What is a diet?

diet meal for weight loss
  • Difficult and deliberate limitation of energy intake (calories consumed) with food. For example, this could be following a well-known diet or simply counting calories and setting strict limits.
  • Limit the variety of foods and eat the same:
    • low carb diets: protein diet, Atkins diet;
    • fatty diets;
    • juice diet.
  • Irregular food:
    • hourly diet;
    • diet 5: 2 (five days a week we eat normally and two days a week - we limit ourselves to food);
    • skip meals;
    • "Fasting days, " i. e. , refusing to eat on certain days.

Who follows the diet?

Diets are both popular and popular. It is estimated that about half of normal weight women tried to follow a diet. One study found that nearly 70% of 15-year-old girls follow a diet and 8% follow an extremely strict diet. Another study found that approximately 70% of women and 45% of those who follow a diet are overweight and do not need to follow any diets.

Before the diet there is dissatisfaction with your body and the desire to lose weight.

A study in the UK found that two-thirds of girls aged 14-15 and half of girls aged 12-13 want to lose a few pounds. Due to the associated stress, about a quarter of young girls missed at least one meal a day.

Diet risks

Diets increase the risk of eating disorders. Researchers have found that if teenage girls eat in moderation, the risk of eating disorders increases fivefold, and if a strict diet is followed, eighteen times.

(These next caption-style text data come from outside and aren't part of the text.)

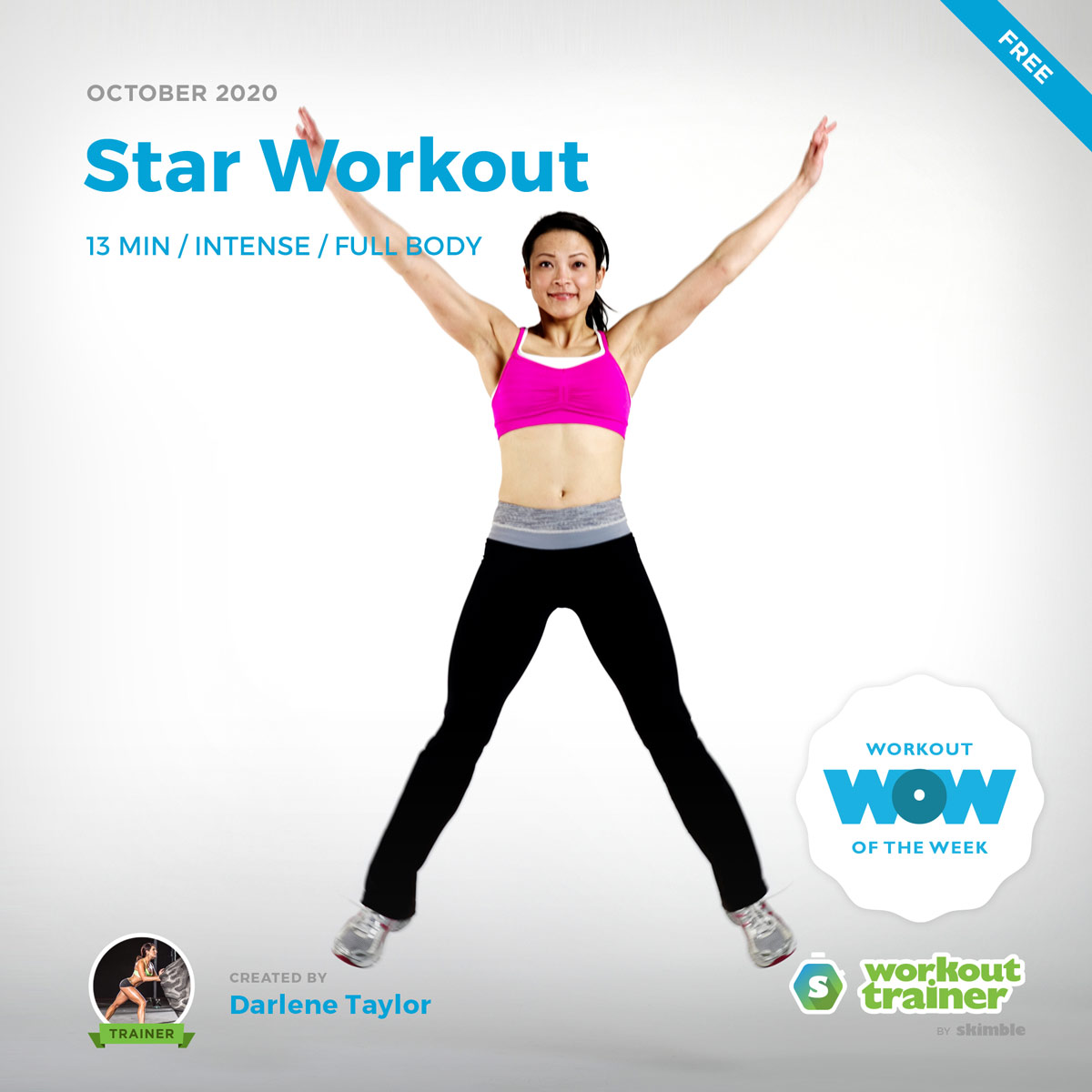 
                  Skimbles Free Workout of the Week: Star Workout (by Trainer Darlene Taylor)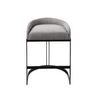 Hollyfield Gray Fabric | Gray Metal | Counter Stool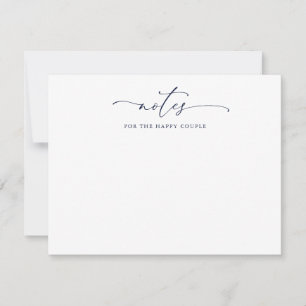 Notes pour la carte conseil Mariage Couple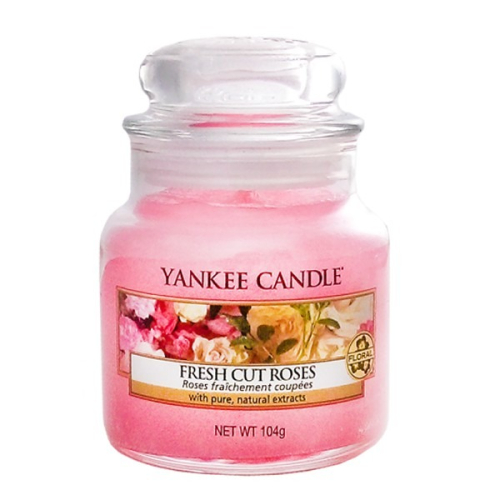 【Yankee Candle 揚基】香氛蠟燭-鮮切玫瑰(3.7oz/104g)【8252】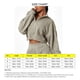 thumbnail image 4 of Mujer sudadera manga larga stand collar Loose Sporting casual transpirable zip blusa para al aire libre Lino gris S, 4 of 5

Frequent, strict diets contribute to being overweight. 95% of those who follow a diet to lose weight in the next two years gain more than they lost on a diet. This is due to the fact that during the diet people severely limit the number of calories and variety of dishes, experience constant hunger. Perhaps those on a short-term diet may not pay attention to hunger, but long-term diets result in increased appetite and overeating. This in turn causes a sense of guilt and failure, which can increase dissatisfaction with yourself and your body. Some people live a similar cycle of diets all their lives - that is, diet takes up some of their time and energy every day.

In addition, diets have been found to slow down metabolism - slowing down the rate of burning calories.

Normal metabolic rate is restored some time after a person returns to a healthy and proper diet.

A strict diet affects both mental and physical health. Bad breath, fatigue, overeating, headache and cramps, constipation, sleep disturbances and possibly bone destruction may occur.

Diets can change the body’s natural response to food, needs, and appetite. A person stops feeling hungry and full, he can stop separating his emotional needs from hunger.

Why do we follow a diet?

Many people of normal weight consider themselves overweight and want to lose weight by following a diet. In addition, many overweight people want to get rid of extra pounds and believe that diet will help them do so.

It is known that about ⅓ of the world's population is overweight, but about twice as many people want to lose weight.

They follow a diet to be slimmer. There are many reasons for losing weight around the world, one of which is the equally widespread fear of gaining weight. It has been revealed that such fears may already be present in primary school students. For some reason, in our society, completeness is seen as something shameful and doomed.

Through advertising, the desire to follow a diet for people is supported by companies focused on everything related to diets (diets, books, foods and other goods). Because we work in a highly profitable industry, the diet industry is unnaturally optimistic about diets. In fact, it has been found that half of the people who follow a diet gain weight as a result - few of them are able to maintain the weight lost during the diet for five years.

The success of a strict diet depends on many physical and mental factors, and in the case of obesity, it is very ineffective for weight loss.